Perhaps those ski resorts praying for snow need a mascot. Enter the Snow Babies—classic porcelain figurines first made in the late 19th century. The tiny figures ride sleds, play with polar bears, and cavort in the snow. They were so charming that no one could buy just one—they were born to be collectibles.
If they look good enough to eat, that results from their edible sugar candy prototypes. Called zucker puppen in Germany, they were used as holiday decorations, children’s treats and cake toppers. A German confectioner saw the advantage in re-creating the popular sugar ornaments as bisque porcelain figurines, which could be played with long after the cake had been consumed.
Porzellanfabrik Hertwig & Co. in the Thuringia area of Germany was among the first to begin making snow baby figures in the 1890s. The snowy icing or fur effect on the surface was created by rolling the damp models in crushed bisque before firing. Collectors particularly prize the examples made before World War I, which share the high quality and attention to detail embodied in good German dolls of the period.
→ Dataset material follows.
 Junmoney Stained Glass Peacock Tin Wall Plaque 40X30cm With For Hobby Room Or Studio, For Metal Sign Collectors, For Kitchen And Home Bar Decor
Some of the early German examples stand 5 or more inches and are jointed like dolls. Later snow babies, made between the World Wars, were smaller in scale—1 to 3 inches high. Japan manufactured its own versions of the small figures, which proved equally popular with the public.
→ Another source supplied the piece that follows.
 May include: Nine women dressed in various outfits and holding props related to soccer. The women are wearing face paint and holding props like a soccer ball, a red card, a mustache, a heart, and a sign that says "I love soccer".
Although collectors look for good detail and skillful painting, the most delightful aspect of snow babies is the variety of activities they pursue. Since they seem to live near the North Pole, remarkably tame polar bears became playmates. At other times, seals balance balls and huskies pull the babies’ sleighs.
Forget the Meissen monkeys—snow baby bands with horns, drums and accordions are easy to assemble. Above all, the babies love sledding, and there are hundreds of variations on the theme. Turn-of-the-century families bought thousands of the small figures to display on mantels and surround the dollhouse.
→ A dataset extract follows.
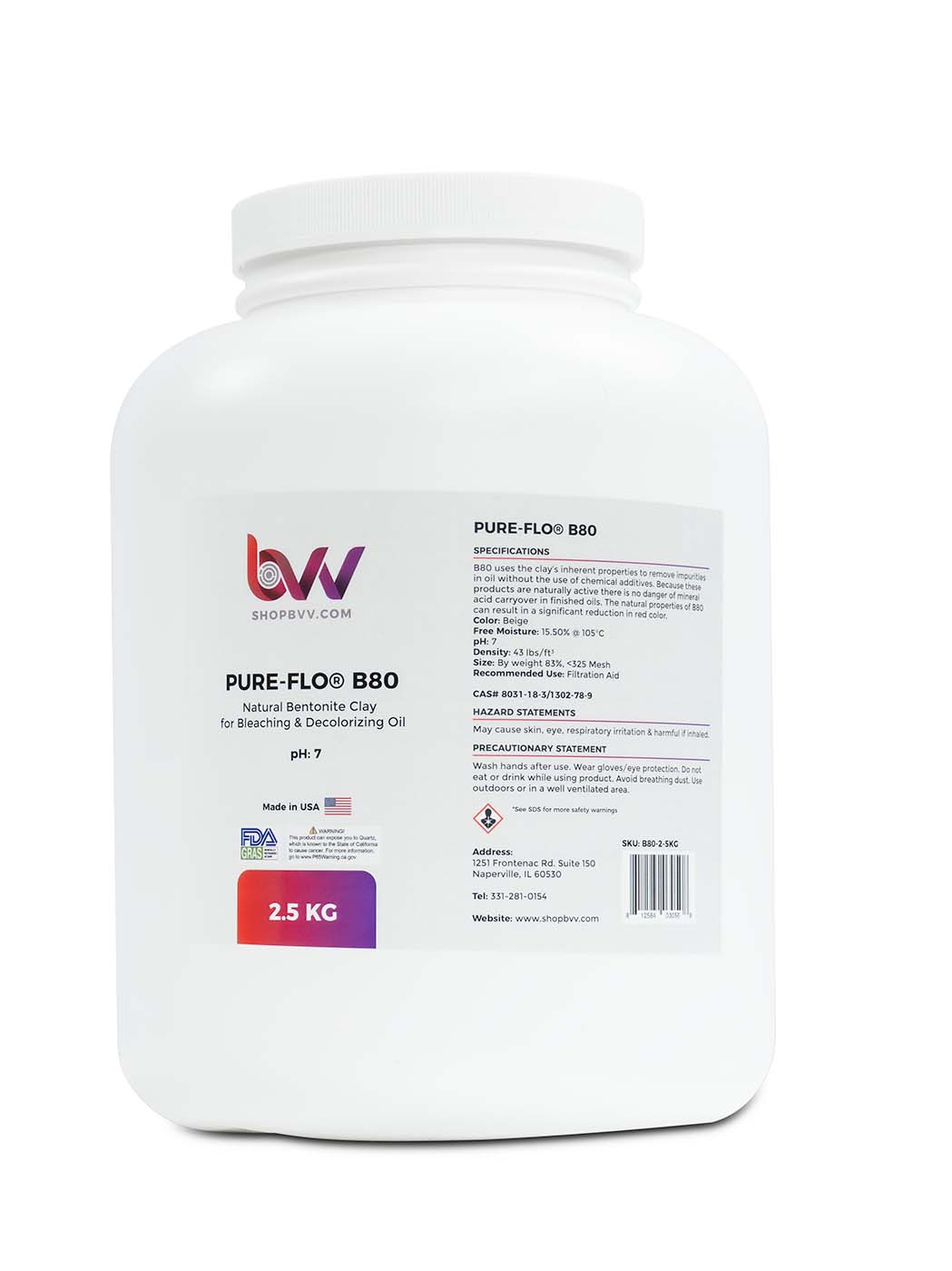 BVV Pure-Flo® B80 Natural Bentonite for Bleaching & Decolorizing Edible Oils *FDA-GRAS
Snow babies occasionally were tied to current events of the period. In the early years of the 20th century, the race to reach the North Pole garnered the same headlines as the mid-century race to the moon. Explorers Robert Peary and Frederick Cook both claimed first prize in the polar competition, and it was difficult to verify their journeys. Not surprisingly, one German factory brought out a porcelain figure of the two big mustachioed snow “babies” scrambling toward the pole.
Collectors will find more information in Snow Babies & Friends by Lisa Mullins Bishop, a December 1999 article in Early American Homes, which was used as a source for this column. That story was illustrated with figures from the collection of Linda Vining, examples from which were sold in “A Toy Feast” auction of November 2005 at Bertoias in Vineland, N.J.
In that auction, the unusual Peary-Cook group brought $2,475 over a $1,000-$1,300 estimate, a high price which reflects its news-of-the-day importance. Another lot with two traditional snow babies planting the American flag on the North Pole sold for $330.
Normally, snow babies engaged in the most interesting activities sell in the $100-$200 range. The figurines are frequently offered in group lots, and a large collection can be formed quickly for a modest investment. Many of the post-World War I figures have details added in colored paint after firing, so check carefully for wear and chipping.
While snow babies commonly show up in winter auctions, the best buys may turn up at sales and shows out of season. The tumbling, laughing figures are still perfect for their original purpose. Use them to decorate cakes and table settings when the weather is icy cold outside.
For more images of these figures at play, see Snow Babies, Santas and Elves: Collecting Christmas Bisque Figures by Mary Morrison, published by Schiffer Books.